* **TRY IT**: With the line containing "Building Photo - 112 Queensberry St" as the start and the line containing "требуется музыкант в" as the end, transcribe that span of the entries below exactly, including both.

*** EXERCISE MATERIAL ***

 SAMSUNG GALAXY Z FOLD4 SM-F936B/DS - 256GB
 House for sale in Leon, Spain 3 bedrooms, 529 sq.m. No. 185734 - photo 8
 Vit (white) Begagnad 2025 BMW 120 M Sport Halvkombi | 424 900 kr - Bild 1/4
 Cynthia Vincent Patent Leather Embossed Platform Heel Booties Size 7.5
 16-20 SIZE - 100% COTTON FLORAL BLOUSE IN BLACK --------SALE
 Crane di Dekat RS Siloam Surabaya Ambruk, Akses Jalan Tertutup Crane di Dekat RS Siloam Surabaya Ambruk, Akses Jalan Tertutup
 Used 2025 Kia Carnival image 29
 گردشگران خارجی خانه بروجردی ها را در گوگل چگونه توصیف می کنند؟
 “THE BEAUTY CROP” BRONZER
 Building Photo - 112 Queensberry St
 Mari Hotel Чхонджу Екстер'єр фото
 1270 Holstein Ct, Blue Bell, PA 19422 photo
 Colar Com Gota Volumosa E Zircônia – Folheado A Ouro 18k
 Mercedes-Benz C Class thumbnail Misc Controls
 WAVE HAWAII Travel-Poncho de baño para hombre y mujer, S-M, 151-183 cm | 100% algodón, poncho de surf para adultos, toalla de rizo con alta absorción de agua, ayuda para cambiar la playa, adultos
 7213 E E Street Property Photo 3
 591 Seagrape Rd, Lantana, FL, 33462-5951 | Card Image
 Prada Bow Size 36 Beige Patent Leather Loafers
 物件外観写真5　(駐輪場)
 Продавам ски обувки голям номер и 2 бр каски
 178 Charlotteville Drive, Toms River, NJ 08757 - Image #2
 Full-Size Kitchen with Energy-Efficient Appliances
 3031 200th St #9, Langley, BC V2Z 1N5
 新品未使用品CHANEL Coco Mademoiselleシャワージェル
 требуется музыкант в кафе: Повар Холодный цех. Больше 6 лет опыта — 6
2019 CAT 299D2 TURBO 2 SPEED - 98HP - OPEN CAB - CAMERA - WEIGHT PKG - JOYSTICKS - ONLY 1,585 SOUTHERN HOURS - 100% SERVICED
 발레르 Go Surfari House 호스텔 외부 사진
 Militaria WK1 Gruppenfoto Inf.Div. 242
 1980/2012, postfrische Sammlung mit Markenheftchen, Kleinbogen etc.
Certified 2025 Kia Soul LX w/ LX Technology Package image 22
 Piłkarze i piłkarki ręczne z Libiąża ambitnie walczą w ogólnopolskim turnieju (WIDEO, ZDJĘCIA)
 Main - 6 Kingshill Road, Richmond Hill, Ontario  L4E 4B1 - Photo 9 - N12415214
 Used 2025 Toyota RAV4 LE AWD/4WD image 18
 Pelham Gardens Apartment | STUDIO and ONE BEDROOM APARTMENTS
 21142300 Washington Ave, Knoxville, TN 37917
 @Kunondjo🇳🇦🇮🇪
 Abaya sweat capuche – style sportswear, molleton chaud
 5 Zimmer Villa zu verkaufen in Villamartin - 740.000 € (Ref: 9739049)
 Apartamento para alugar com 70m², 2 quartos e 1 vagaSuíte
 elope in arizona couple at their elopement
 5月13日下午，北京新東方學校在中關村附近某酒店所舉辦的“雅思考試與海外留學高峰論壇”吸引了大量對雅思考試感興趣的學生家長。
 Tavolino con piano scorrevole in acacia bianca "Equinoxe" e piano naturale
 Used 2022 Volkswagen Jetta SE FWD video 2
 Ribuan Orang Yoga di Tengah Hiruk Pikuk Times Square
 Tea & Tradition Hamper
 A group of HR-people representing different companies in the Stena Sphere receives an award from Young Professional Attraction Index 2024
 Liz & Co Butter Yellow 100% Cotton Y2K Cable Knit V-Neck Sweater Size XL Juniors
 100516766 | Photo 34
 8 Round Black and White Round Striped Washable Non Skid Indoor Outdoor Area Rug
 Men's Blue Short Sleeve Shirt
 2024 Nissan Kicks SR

*** End of EXERCISE MATERIAL ***

* **ANSWER AREA**:
 Building Photo - 112 Queensberry St
 Mari Hotel Чхонджу Екстер'єр фото
 1270 Holstein Ct, Blue Bell, PA 19422 photo
 Colar Com Gota Volumosa E Zircônia – Folheado A Ouro 18k
 Mercedes-Benz C Class thumbnail Misc Controls
 WAVE HAWAII Travel-Poncho de baño para hombre y mujer, S-M, 151-183 cm | 100% algodón, poncho de surf para adultos, toalla de rizo con alta absorción de agua, ayuda para cambiar la playa, adultos
 7213 E E Street Property Photo 3
 591 Seagrape Rd, Lantana, FL, 33462-5951 | Card Image
 Prada Bow Size 36 Beige Patent Leather Loafers
 物件外観写真5　(駐輪場)
 Продавам ски обувки голям номер и 2 бр каски
 178 Charlotteville Drive, Toms River, NJ 08757 - Image #2
 Full-Size Kitchen with Energy-Efficient Appliances
 3031 200th St #9, Langley, BC V2Z 1N5
 新品未使用品CHANEL Coco Mademoiselleシャワージェル
 требуется музыкант в кафе: Повар Холодный цех. Больше 6 лет опыта — 6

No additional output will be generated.